There are gods. There are good gods and evil gods, which is going to be a problem later because I have trouble regarding 'good' and 'evil' as anything but nonsense words, but I need them for the story I want to run. Let's try this again: There are gods. There are benevolent gods, and there are gods that are right bastards. Gods aren't very hands-on as a rule, but they do create servants to do their bidding in the world. These servants aren't 'people' in the sense I usually use the word — they can acquire information but not learn in a meaningful way, and they can't grow beyond the purpose for which they are created, which is generally something along the lines of 'get me followers, bitch!'. However, some of them do have motivations, because they were built with motivations, and among those motivations may be the desire to have children, or one that translates in practical terms as such a desire.

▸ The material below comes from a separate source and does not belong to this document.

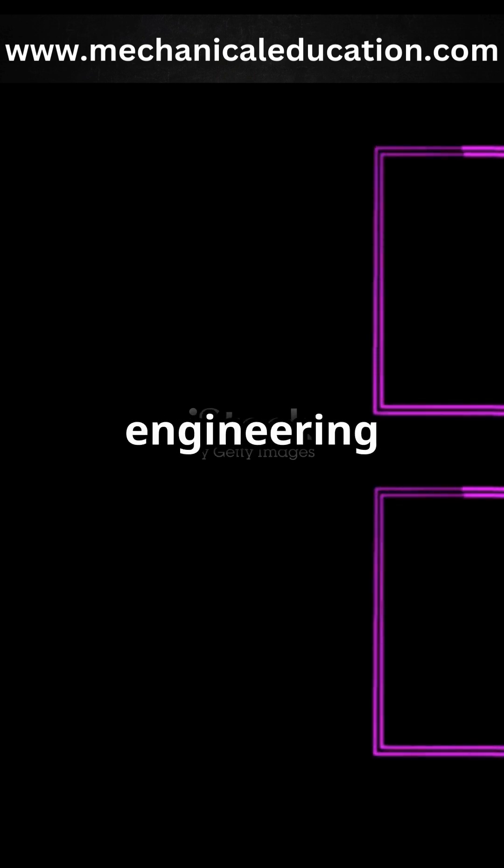Now you know how pulleys and belts work. Subscribe for more cool engineering explanations.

They can't have children among themselves, so they do it with earthly creatures, generally earthly creatures associated with their god in some manner, or with humans, because as we all know, humans are totally neutral. D&D wouldn't lie to me! Any offspring resulting from such a union is potentially fertile with (a) any servant of the appropriate god, (b) any offspring of a servant of the appropriate god, or (c) any earthly creature of more or less the right sort. So if a servant of the sun-god has a child (or, well, possibly a clutch of children) by a crocodile, that child could go on to, uh, settle down and start a family with another servant of the sun-god, another child of a servant of the sun-god regardless of what the non-servant parent was (barring total physical incompatibility), or with any other sort of crocodilian.

Are you bored yet? Come on, own up! If you've even read this far!

Anyway, thus are a host of fantasy races created. In fact, I wonder if this sort of interbreeding isn't the source of all the mortal magic in this world — if you go back far enough, a lot of people are bound to have a god-servant in their lineage somewhere, presuming sufficiently numerous and/or promiscuous god-servants. That would be very tidy and aesthetically pleasing.

Right now I've got two races, aside from ye olde humanity. Elves, because there have to be elves. They're more human than most of these races are, but they have enough of the star-god's servants in them for it to show. They're vulnerable to iron; iron kills stars. (I said I was going to use that somewhere and dammit, I'll use it somewhere if it kills me!)

There're also the sun-god's people, alluded to above, who are lizardmen. I don't know what to call them yet, but I'm thinking of 'IHaveReadAndEnjoyedTheMokoleSupplementForWerewolf'. No? Too long? When you're dealing with a category as large as 'scaly ectotherms' (unscaly ectotherms belong to other gods), total physical incompatibility is going to come up as a problem on a fairly regular basis, so I'm thinking there's more than one strain of them. I'm deathly afraid that there be dragons. I don't think I've built a world with dragons in since I was eleven, and it's safe to say that at the time I was not in my right mind. This is so depressing. Anyway, the IHaveReadAndEnjoyedTheMokoleSupplementForWerewolf are pretty close to their god, venerate the pineal gland, can see through illusions, and are fiercely diurnal. And I think they like a good bodypaint.

And now it's time for dinner.

Date: 2002-12-25 08:55 pm (UTC)
From: [identity profile] keeps.livejournal.com
Rowr, bodypaint. I could put up dead links, but I'm never getting my server back ever. The downside to moving out of the dorms finally.

Date: 2002-12-25 09:04 pm (UTC)
From: [identity profile] oneironaut.livejournal.com
Cry!

And thank you for the kicking. It was nice and vicious.